_Exercise objective_
The data that follows must be transcribed in full and exactly, minus the pictures.

_Data excerpt_
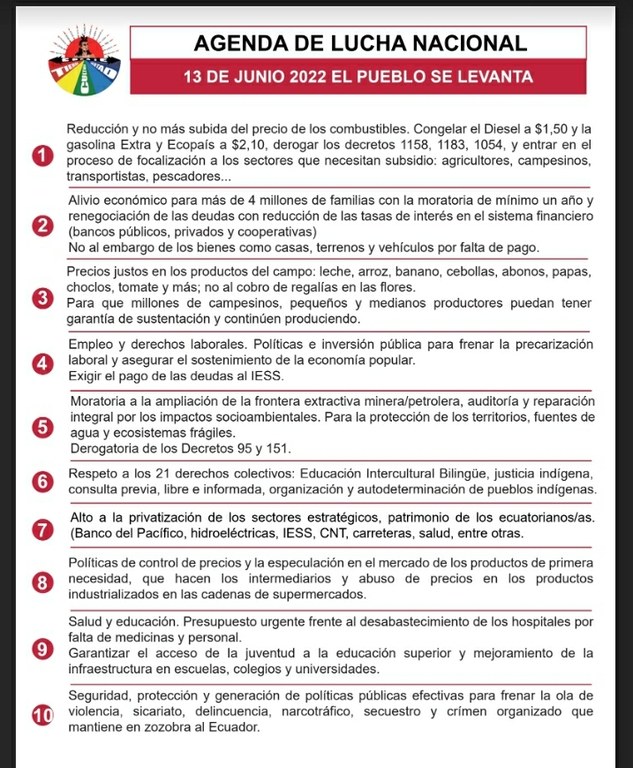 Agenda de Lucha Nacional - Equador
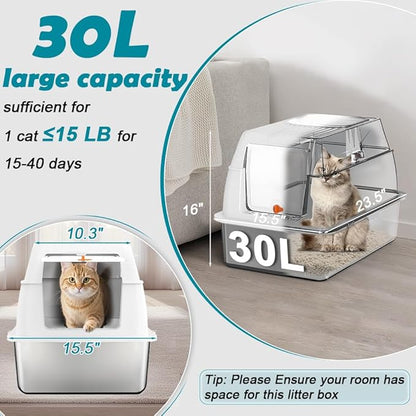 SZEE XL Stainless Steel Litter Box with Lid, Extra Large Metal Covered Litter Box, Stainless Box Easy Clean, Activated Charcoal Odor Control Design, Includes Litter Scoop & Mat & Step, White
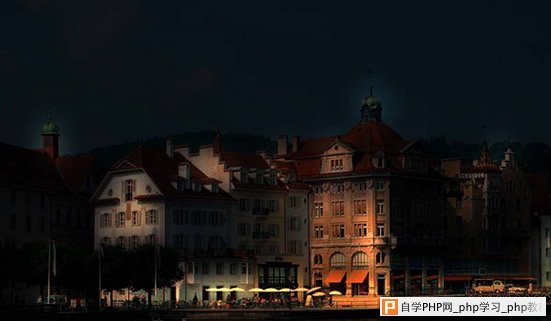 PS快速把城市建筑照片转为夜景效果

_Result of this exercise_
 Agenda de Lucha Nacional - Equador
 SZEE XL Stainless Steel Litter Box with Lid, Extra Large Metal Covered Litter Box, Stainless Box Easy Clean, Activated Charcoal Odor Control Design, Includes Litter Scoop & Mat & Step, White
 PS快速把城市建筑照片转为夜景效果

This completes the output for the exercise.